● **Task to carry out**: Please make sure what you return matches the listing below exactly, minus its pictures.

● **Raw data**:

=-=-=-=-=

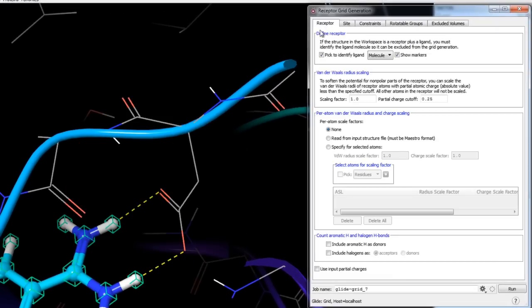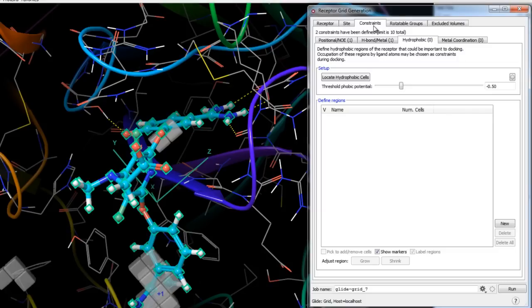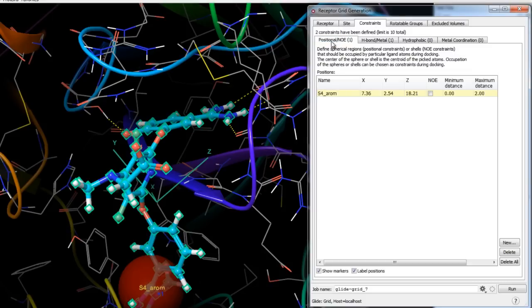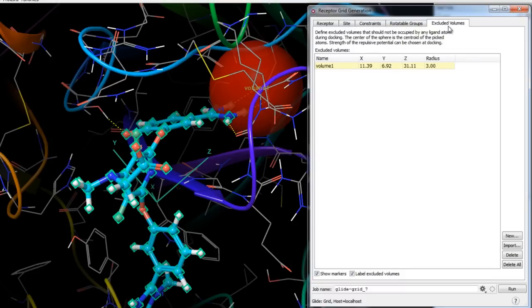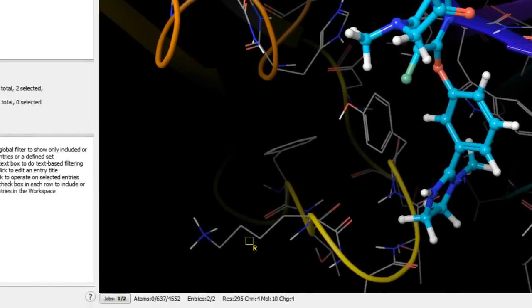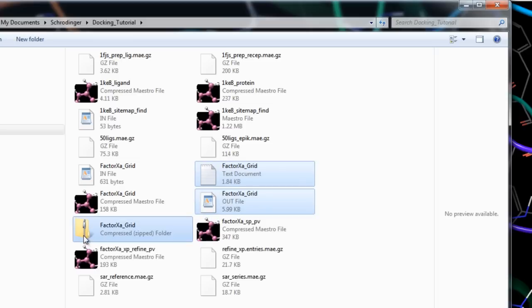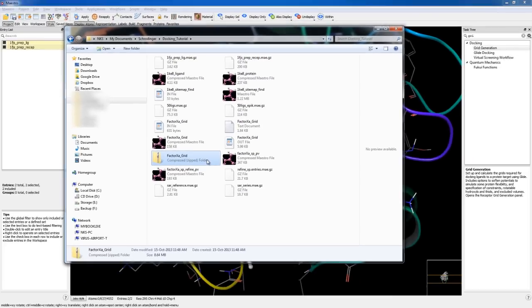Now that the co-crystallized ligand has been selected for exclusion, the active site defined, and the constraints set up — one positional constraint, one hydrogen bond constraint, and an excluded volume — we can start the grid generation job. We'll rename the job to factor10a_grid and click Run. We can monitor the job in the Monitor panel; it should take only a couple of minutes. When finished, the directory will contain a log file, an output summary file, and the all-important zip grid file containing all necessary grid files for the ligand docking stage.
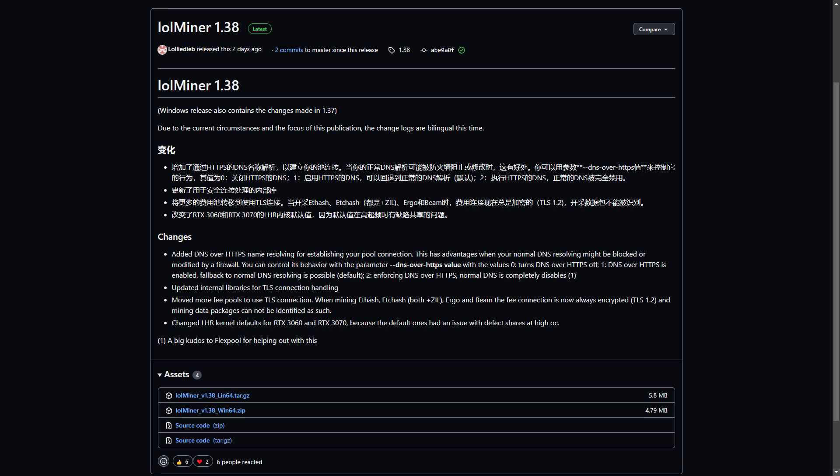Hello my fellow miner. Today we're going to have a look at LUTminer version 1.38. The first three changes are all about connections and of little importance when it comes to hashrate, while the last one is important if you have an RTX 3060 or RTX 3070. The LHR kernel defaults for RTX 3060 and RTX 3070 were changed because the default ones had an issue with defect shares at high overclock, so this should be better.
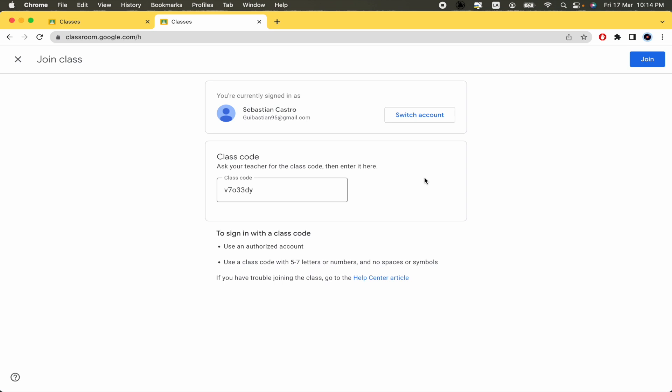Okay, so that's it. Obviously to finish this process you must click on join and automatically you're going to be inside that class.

=-=-=-=-=

● **Expected output**:
Now that the co-crystallized ligand has been selected for exclusion, the active site defined, and the constraints set up — one positional constraint, one hydrogen bond constraint, and an excluded volume — we can start the grid generation job. We'll rename the job to factor10a_grid and click Run. We can monitor the job in the Monitor panel; it should take only a couple of minutes. When finished, the directory will contain a log file, an output summary file, and the all-important zip grid file containing all necessary grid files for the ligand docking stage.
Hello my fellow miner. Today we're going to have a look at LUTminer version 1.38. The first three changes are all about connections and of little importance when it comes to hashrate, while the last one is important if you have an RTX 3060 or RTX 3070. The LHR kernel defaults for RTX 3060 and RTX 3070 were changed because the default ones had an issue with defect shares at high overclock, so this should be better.
Okay, so that's it. Obviously to finish this process you must click on join and automatically you're going to be inside that class.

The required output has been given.